In [1]:
import pandas as pd
import numpy as np

In [3]:
df = pd.read_csv('/content/non-financial-nse-2014-2025.csv')

No columns with all null values found.


In [4]:
# Check for columns with all null values (except the header)
null_columns = df.columns[df.isnull().all()]

if len(null_columns) > 0:
  print("Columns with all null values:")
  for col in null_columns:
    print(col)
else:
  print("No columns with all null values found.")

No columns with all null values found.


In [8]:
rows_with_no_nulls = df.dropna(how='any').shape[0]
print(f"Number of rows with zero null values: {rows_with_no_nulls}")

Number of rows with zero null values: 900


In [7]:
df.shape

(2343, 132)

In [9]:
null_distribution_per_row = df.isnull().sum(axis=1)
print("Distribution of null values per row:")
display(null_distribution_per_row.value_counts().sort_index())

Distribution of null values per row:


Unnamed: 0,count
0,900
1,12
2,13
3,6
4,5
...,...
126,14
127,29
128,17
129,24


In [11]:
def count_middle_nulls(row):
  """Counts the number of null values in a row surrounded by non-null values."""
  null_indices = row.index[row.isnull()]
  non_null_indices = row.index[row.notnull()]
  middle_null_count = 0

  if len(null_indices) == 0 or len(non_null_indices) < 2:
    return 0

  # Get the indices of the date columns (excluding 'Company Name')
  date_columns = df.columns[1:]

  for null_col in null_indices:
    try:
      # Find the position of the null column within the date columns
      null_pos = date_columns.get_loc(null_col)

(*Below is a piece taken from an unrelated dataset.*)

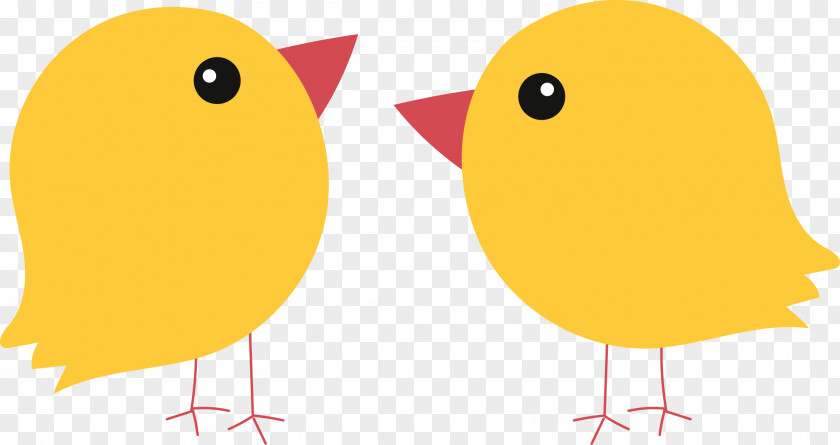 Cartoon Chick Chicken Illustration PNG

      # Check for non-null values before and after the null value
      has_before = any(date_columns[i] in non_null_indices for i in range(null_pos))
      has_after = any(date_columns[i] in non_null_indices for i in range(null_pos + 1, len(date_columns)))

      if has_before and has_after:
        middle_null_count += 1
    except KeyError:
      # This handles the case where the null column is not a date column (like 'Company Name')
      continue

  return middle_null_count

# Apply the function to each row and get the count of middle nulls per row
middle_nulls_per_row = df.apply(count_middle_nulls, axis=1)

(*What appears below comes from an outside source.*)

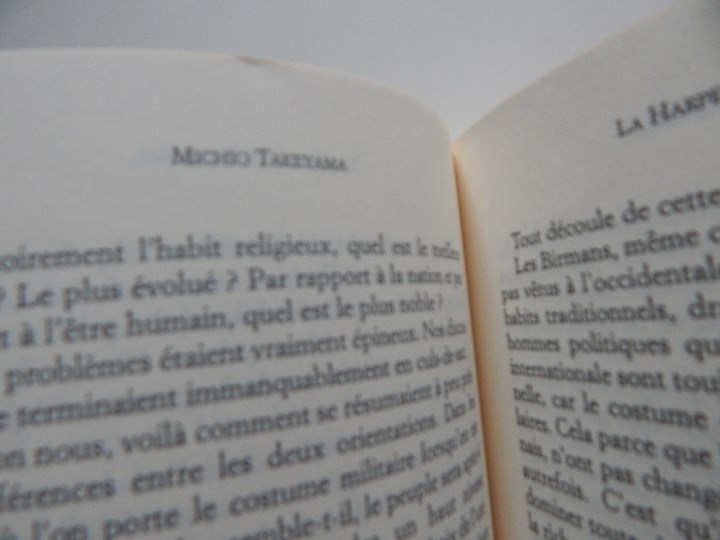 Libros: La Harpe de Birmanie - Michio Takeyama, 2002 - Libro franc&eacute;s - Foto 8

print("Distribution of middle null values per row:")
# Display the value counts for rows where the middle null count is greater than 0
display(middle_nulls_per_row[middle_nulls_per_row > 0].value_counts().sort_index())

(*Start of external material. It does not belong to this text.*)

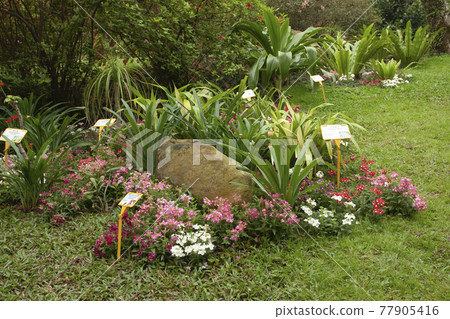the flower bed at the Government House, hk 24 Nov 2006 the flower bed at the Government House, hk 24 Nov 2006 77905416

Distribution of middle null values per row:


Unnamed: 0,count
1,33
2,24
3,13
4,11
5,14
6,14
7,5
8,9
9,6
10,4


In [12]:
# Identify rows with less than 5 middle null values
rows_to_interpolate = df[middle_nulls_per_row < 5].index

# Select only the date columns for interpolation
date_columns = df.columns[1:]

# Interpolate the null values in the identified rows for date columns
df.loc[rows_to_interpolate, date_columns] = df.loc[rows_to_interpolate, date_columns].interpolate(method='linear', axis=1)

print(f"Interpolated null values in {len(rows_to_interpolate)} rows that had less than 5 middle nulls.")

Interpolated null values in 2219 rows that had less than 5 middle nulls.


In [13]:
rows_with_no_nulls = df.dropna(how='any').shape[0]
print(f"Number of rows with zero null values: {rows_with_no_nulls}")

Number of rows with zero null values: 982


In [14]:
df_cleaned = df.dropna(how='any')

print(f"Original number of rows: {df.shape[0]}")
print(f"Number of rows after removing rows with nulls: {df_cleaned.shape[0]}")

# You can now work with df_cleaned which contains no null values

Original number of rows: 2343
Number of rows after removing rows with nulls: 982


In [15]:
df_cleaned.shape

(982, 132)

In [16]:
df_cleaned.to_csv('Stock_return-cleaned.csv', index=False)